What are the Advantages of chapter 13 Bankruptcy?
- The most important advantage provided by Chapter 13 Bankruptcy is that the debtor can retain his or her property which is not the case with Chapter 7.
- Other than mortgaged primary residence of the debtor the individuals can reschedule secured debts over the life time of the plan hence lowering their payment amount.
- There is no chance of harassment by creditors as the debtor will not come in contact with them since the payment would be distributed through a trustee.
Who are eligible for filing under Chapter 13 Bankruptcy?
- Any individual whose unsecured debts are approximately less than $383,175 and secured debts are less than $1,149,525 can file under Chapter 13 Bankruptcy. However, this does not include Stockbrokers or Commodity brokers.
- The debtor must have a regular income since steady income is necessary to make payments for a certain period consistently.
- In case the debtor has filed for Chapter 7 Bankruptcy in the past 4 years or Chapter 13 bankruptcy in the past two years, the person will not be eligible for discharge in the current bankruptcy filed.
- To be eligible for filing under Chapter 13 Bankruptcy, one has to provide documents proving that they have been diligent about filing their state and federal income tax returns for the past four tax years proceeding the year of filing for bankruptcy.
- The debtor’s child support and alimony payments should not be hampered during the course of the plan.
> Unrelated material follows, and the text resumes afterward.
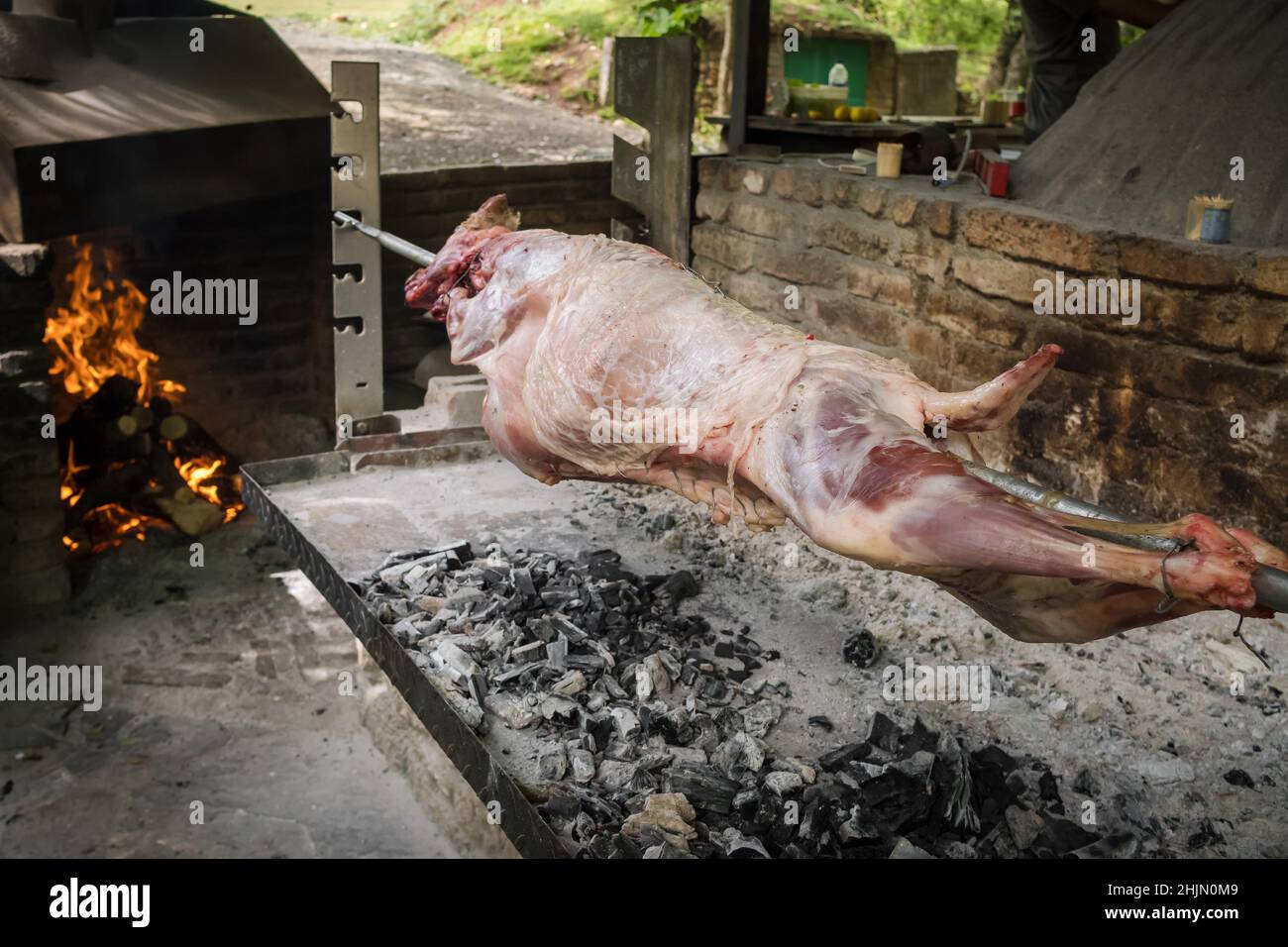 Spit roasting a whole lamb over hot coals Stock Photo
In case the individual cannot cope up with the combined expenses and fail to file the necessary reports, his or her appeal for bankruptcy can be dismissed.
- There are certain debts that must be fully cleared. In case your monthly income does not permit clearing off the debt within a certain plan period, then the court can withhold confirmation of your plan.
- The debtor should comply attending a personal financial management course approved by the office of the U.S. Trustee and must be able to spare at least two hours a day for this curriculum.
- One cannot file for Bankruptcy under Chapter 13 if his or her prior appeal for the same had been dismissed within 180 days of the current appeal due to his or her willful violation of a court order.
Discharge under Chapter 13 Bankruptcy :
The debtor is entitled to discharge under Chapter 13 Bankruptcy once he or she-
- Has completed all courses for financial management.
- Any domestic support obligation that came in before the making of such certification has been paid
The discharge relief the debtor from all charges with a few rare exceptions.
While it has several advantages, Chapter 13 Bankruptcy is nevertheless a complex procedure that can hardly be done justice in a single discussion. A basic overview of the procedure gives us an idea of what the future has in store for us making the hurdles little less steeper.